- **Exercise description**:
Could you repeat the data word for word while skipping the pictures?

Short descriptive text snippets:

- Opening Delimiter -

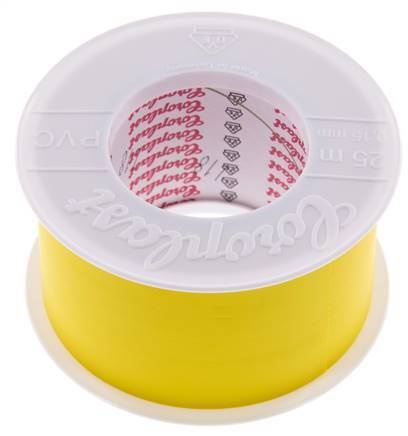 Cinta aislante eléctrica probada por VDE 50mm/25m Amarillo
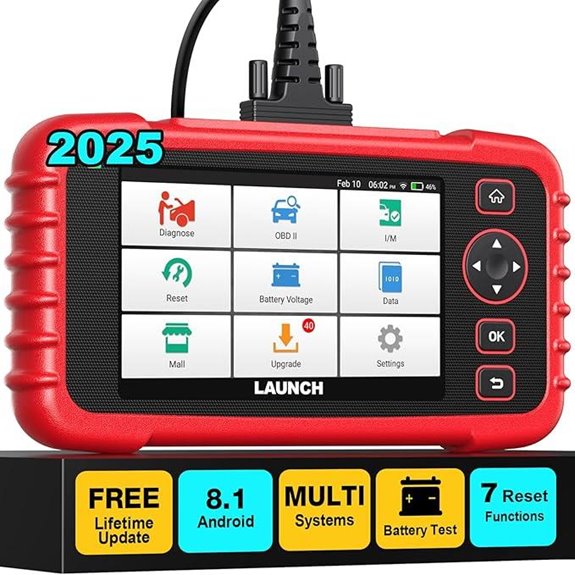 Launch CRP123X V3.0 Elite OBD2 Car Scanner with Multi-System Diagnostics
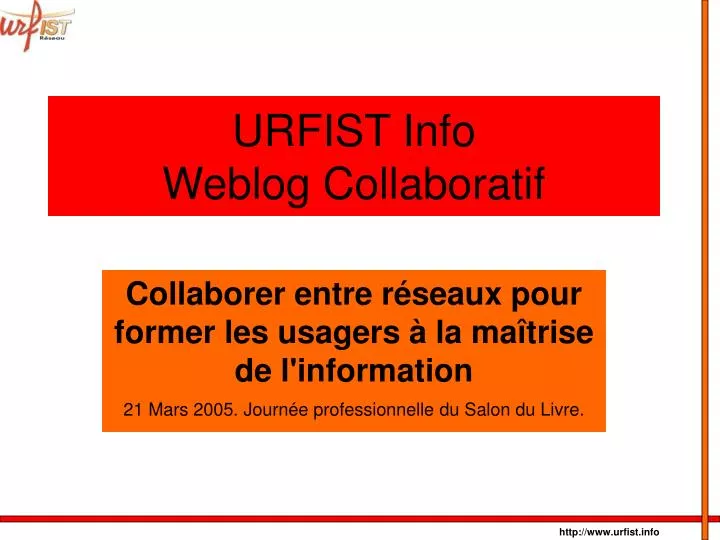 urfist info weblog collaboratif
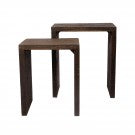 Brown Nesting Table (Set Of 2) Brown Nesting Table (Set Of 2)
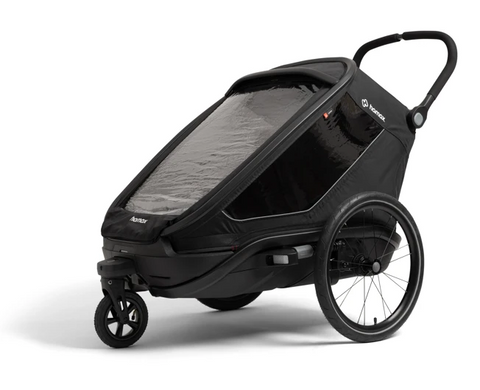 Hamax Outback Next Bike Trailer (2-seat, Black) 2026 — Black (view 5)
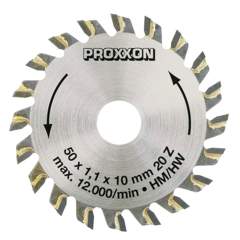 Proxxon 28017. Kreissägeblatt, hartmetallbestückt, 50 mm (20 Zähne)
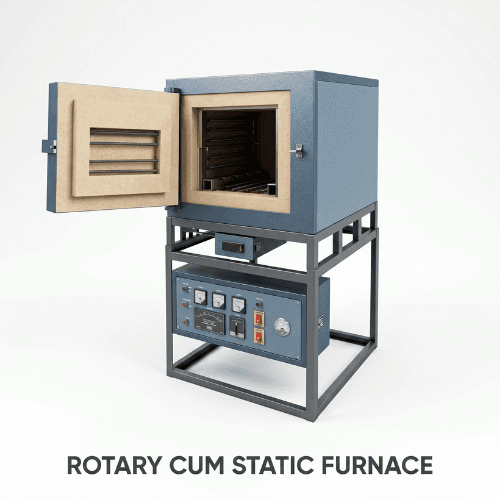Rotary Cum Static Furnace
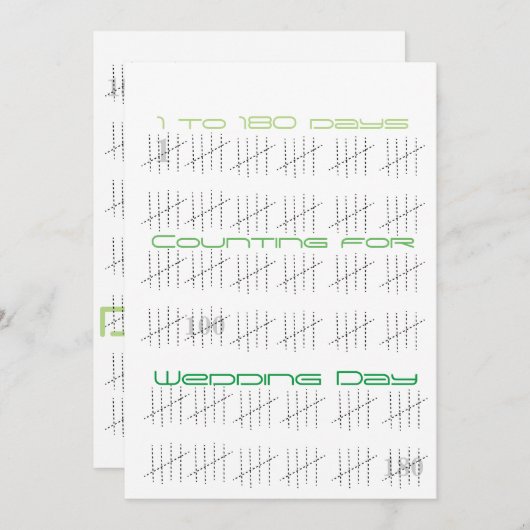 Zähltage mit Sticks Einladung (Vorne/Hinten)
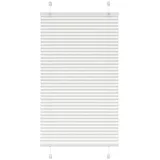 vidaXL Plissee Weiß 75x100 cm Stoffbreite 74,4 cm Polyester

- Closing Delimiter -

- **Answer to this task**:
 Cinta aislante eléctrica probada por VDE 50mm/25m Amarillo
 Launch CRP123X V3.0 Elite OBD2 Car Scanner with Multi-System Diagnostics
 urfist info weblog collaboratif
 Brown Nesting Table (Set Of 2) Brown Nesting Table (Set Of 2)
 Hamax Outback Next Bike Trailer (2-seat, Black) 2026 — Black (view 5)
 Proxxon 28017. Kreissägeblatt, hartmetallbestückt, 50 mm (20 Zähne)
Rotary Cum Static Furnace
 Zähltage mit Sticks Einladung (Vorne/Hinten)
 vidaXL Plissee Weiß 75x100 cm Stoffbreite 74,4 cm Polyester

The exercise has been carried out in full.